The import can be run from within the php-fpm docker container. The container can be entered and the script run with the following commands (if the docker environment was brought up as detailed above).
There is a sample csv taken from the full mySociety open data set, in this case the csv containing only postcodes starting BH
.
$ docker exec -it sampleproject_php_1 bash
$ ./bin/run.php --job Import --data '{"file":"scripts/data/bh.csv"}'
There is a simple health check endpoint in the app. It can be useful for scenarios where you need to check the status of the API without doing anything too computationally expensive (it just returns a 200). For example AWS ELB poll a health check to detect unavailable instances.
URL | Method | Description |
---|---|---|
health/ |
GET |
Checks the status of the API |
URL | Method | Description |
---|---|---|
postcode/{code}/ |
GET |
Returns stored detailed for the postcode specified by code |
postcode/search/ |
POST |
Allows for searching postcodes by code or location |
The search endpoint can perform multiple different searches depending on the payload sent to it. Returned results are paginated incase the dataset is too large. By default (without a Range
header upto the first 25 results will be returned).
The system allows for client driven pagination enabling different page sizes for different outputs or use cases. This can be set using the Range
header as shown in the following examples.
The response will contain a Content-Range
header giving details on the range returned and the total available. If the full dataset fits into the requested range a 200 is returned, otherwise a 206 will be.
Code
Code search takes a string code
and performs a partial match for any stored postcodes that match.
Request
This request will return the first 20 results matching BH12
. The data is sent in JSON format so must include the appropriate Content-Type
header.
curl -v -X POST \
http://localhost/postcodes/search/ \
-H 'Content-Type: application/json' \
-H 'Range: indices=0-19' \
-d '{
"code": "BH12"
}'
Response
The following headers show the response to the above curl. It shows details of the data range, the format of the data as well as that it is not the full dataset.

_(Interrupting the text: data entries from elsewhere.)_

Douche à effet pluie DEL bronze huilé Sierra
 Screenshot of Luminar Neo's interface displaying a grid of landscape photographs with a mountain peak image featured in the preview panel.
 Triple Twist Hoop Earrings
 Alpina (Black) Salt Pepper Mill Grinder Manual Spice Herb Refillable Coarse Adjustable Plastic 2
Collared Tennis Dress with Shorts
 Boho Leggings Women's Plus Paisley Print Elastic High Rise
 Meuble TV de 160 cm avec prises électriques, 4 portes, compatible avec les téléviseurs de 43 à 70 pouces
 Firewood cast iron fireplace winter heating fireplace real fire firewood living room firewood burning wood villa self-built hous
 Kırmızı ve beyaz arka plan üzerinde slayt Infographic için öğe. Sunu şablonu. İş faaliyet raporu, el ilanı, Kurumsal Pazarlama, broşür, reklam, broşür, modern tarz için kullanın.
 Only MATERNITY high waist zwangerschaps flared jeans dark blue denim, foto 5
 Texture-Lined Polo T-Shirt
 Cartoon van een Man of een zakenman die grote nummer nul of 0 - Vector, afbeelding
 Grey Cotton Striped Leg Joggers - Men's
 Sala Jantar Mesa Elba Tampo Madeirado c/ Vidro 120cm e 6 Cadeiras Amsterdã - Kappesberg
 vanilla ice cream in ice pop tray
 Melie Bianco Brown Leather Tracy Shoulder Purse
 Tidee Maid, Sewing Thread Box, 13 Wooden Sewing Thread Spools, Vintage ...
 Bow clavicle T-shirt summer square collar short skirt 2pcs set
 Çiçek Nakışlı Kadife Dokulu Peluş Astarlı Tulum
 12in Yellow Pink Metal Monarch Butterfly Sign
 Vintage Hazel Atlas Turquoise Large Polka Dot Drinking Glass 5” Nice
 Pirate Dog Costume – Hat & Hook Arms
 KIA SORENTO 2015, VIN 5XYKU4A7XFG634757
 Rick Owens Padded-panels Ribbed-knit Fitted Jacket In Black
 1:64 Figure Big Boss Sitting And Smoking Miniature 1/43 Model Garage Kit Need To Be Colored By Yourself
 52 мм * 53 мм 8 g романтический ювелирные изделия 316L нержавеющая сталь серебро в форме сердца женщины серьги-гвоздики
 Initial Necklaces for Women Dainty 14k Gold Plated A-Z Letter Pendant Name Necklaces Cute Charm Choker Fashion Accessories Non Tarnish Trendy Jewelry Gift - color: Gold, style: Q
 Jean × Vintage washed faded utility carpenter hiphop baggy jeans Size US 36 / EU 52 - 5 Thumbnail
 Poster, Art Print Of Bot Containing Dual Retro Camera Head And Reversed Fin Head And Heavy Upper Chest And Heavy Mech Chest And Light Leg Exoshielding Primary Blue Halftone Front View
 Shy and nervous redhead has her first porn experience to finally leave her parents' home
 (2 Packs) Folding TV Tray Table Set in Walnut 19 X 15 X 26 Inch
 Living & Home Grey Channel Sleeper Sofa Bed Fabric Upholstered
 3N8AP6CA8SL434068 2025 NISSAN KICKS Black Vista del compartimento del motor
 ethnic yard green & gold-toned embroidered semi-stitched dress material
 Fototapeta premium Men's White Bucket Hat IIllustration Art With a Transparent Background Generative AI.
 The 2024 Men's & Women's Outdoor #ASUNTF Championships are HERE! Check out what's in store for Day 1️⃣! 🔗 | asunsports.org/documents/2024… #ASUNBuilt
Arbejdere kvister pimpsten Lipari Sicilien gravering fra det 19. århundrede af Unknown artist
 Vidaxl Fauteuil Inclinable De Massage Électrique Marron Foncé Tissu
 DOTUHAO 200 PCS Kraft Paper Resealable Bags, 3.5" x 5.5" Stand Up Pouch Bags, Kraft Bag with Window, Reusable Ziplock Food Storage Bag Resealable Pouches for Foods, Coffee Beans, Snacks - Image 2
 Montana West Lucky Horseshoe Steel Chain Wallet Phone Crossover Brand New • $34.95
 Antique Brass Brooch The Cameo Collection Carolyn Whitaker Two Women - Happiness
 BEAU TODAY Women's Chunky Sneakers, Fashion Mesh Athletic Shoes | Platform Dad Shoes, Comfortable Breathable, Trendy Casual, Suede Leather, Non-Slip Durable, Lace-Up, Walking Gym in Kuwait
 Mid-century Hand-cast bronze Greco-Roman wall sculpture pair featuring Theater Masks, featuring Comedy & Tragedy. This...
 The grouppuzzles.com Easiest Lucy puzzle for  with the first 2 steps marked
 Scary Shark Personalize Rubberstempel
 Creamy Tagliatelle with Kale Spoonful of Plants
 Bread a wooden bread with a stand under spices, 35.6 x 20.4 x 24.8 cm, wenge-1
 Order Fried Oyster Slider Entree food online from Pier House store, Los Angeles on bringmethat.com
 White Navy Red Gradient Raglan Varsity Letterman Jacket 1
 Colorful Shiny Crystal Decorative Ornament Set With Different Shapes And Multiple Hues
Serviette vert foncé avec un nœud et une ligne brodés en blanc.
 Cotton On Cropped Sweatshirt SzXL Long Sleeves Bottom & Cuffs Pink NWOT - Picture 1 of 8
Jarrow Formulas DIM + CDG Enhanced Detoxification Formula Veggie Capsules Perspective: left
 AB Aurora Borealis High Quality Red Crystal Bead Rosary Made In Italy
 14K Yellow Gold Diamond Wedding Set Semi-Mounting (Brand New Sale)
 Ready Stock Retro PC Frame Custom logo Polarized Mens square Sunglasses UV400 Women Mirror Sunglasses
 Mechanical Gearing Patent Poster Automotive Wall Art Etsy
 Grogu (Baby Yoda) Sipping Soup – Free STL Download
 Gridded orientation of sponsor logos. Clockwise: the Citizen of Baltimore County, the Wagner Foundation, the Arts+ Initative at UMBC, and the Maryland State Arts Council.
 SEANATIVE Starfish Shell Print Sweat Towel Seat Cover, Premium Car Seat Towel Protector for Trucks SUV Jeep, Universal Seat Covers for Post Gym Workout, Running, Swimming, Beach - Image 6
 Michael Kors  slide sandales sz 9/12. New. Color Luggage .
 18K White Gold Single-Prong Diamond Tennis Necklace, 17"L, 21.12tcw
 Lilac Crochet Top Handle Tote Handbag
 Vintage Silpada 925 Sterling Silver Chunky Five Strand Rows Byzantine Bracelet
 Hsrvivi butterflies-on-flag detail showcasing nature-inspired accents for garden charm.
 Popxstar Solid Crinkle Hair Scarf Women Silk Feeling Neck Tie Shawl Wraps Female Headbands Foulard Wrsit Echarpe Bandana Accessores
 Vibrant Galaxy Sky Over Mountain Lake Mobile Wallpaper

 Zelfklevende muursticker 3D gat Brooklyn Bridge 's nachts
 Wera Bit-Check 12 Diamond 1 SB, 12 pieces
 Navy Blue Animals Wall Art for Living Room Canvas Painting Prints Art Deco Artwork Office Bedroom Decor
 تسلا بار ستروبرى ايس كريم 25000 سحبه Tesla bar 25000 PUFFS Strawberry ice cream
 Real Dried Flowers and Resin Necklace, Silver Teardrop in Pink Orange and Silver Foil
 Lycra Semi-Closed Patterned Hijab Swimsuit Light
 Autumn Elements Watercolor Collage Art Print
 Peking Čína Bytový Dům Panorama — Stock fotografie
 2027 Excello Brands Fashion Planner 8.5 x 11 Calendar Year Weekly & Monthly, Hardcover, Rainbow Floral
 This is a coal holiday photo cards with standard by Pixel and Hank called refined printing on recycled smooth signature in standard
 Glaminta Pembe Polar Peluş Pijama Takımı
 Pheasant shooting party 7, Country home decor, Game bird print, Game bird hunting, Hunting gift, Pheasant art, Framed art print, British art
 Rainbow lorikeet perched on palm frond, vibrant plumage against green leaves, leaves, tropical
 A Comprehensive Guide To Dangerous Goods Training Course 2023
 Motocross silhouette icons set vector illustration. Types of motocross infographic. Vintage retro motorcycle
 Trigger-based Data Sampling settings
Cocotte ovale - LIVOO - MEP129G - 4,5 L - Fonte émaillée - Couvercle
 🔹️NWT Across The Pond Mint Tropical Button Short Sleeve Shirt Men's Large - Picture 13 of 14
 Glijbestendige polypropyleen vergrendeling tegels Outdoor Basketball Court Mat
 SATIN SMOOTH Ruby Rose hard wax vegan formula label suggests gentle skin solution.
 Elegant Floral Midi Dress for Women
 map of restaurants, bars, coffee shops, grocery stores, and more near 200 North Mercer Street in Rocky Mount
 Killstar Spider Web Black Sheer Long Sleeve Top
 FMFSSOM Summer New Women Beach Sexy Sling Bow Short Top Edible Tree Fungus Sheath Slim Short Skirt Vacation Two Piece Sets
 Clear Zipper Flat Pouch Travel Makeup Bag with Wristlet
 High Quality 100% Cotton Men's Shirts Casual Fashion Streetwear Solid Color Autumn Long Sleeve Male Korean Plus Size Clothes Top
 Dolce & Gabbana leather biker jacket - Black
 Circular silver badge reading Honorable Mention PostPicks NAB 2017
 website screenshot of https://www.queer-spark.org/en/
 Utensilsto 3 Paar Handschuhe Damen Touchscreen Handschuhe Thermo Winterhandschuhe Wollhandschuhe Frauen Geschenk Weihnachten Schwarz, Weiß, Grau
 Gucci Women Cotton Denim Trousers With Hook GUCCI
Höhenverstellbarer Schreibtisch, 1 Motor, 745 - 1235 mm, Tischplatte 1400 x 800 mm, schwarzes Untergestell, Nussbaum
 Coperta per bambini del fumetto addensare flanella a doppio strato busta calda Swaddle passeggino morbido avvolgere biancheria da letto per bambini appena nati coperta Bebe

< HTTP/1.1 206 Partial Content
< Server: nginx/1.9.14
< Date: Wed, 06 Jun 2018 20:05:54 GMT
< Content-Type: application/json; charset=UTF-8
< Transfer-Encoding: chunked
< Connection: keep-alive
< X-Powered-By: PHP/7.2.6
< Content-Range: indices 0-19/1090
The body of the response contains data in the following format (full response for the request not shown)
[
{
"code": "BH12 9JQ",
"location": {
"type": "Point",
"coordinates": [
-1.913646,
50.740372
]
}
}
]
Location
By searching on location the postcodes can be orders based on distance from a specific point by sending a GeoJSON point object as part of the payload:
Request
This call doesn't include a Range
header, so the API will be assuming a range of 0-24.
curl -v -X POST \
http://localhost/postcodes/search/ \
-H 'Content-Type: application/json' \
-d '{
"location": {
"type": "Point",
"coordinates": [
-1.9,
50.9
]
}
}'
Response
< HTTP/1.1 206 Partial Content
< Server: nginx/1.9.14
< Date: Wed, 06 Jun 2018 20:14:52 GMT
< Content-Type: application/json; charset=UTF-8
< Transfer-Encoding: chunked
< Connection: keep-alive
< X-Powered-By: PHP/7.2.6
< Content-Range: indices 0-24/21928
For location based searches an additional field is added to the postcodes distance
the number of meters from the search point.
[
{
"code": "BH21 5RH",
"location": {
"type": "Point",
"coordinates": [
-1.894967,
50.89711
]
},
"distance": 477
}
]
While the chosen MariaDB solution does solve the criteria I did toy around with other data storage solutions. My goto is ElasticSearch for anything geospatial however I felt that without the polygon data for the full regions of a postcode it wouldn't be able to provide additional benefits.
Changing it in the future is still an option. If different data becomes available a new set of ElasticSearch adapters for the models and repositories would enable the data to be stored and searched in an ElasticSearch cluster without any changes to the core code.